*** Opening of Source data ***

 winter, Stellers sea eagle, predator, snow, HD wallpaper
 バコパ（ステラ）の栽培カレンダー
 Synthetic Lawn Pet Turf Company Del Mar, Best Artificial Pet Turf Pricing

*** Close of Source data ***

Task requirements. A complete, exact copy of the material is the expected answer.

Exercise solution.
 winter, Stellers sea eagle, predator, snow, HD wallpaper
 バコパ（ステラ）の栽培カレンダー
 Synthetic Lawn Pet Turf Company Del Mar, Best Artificial Pet Turf Pricing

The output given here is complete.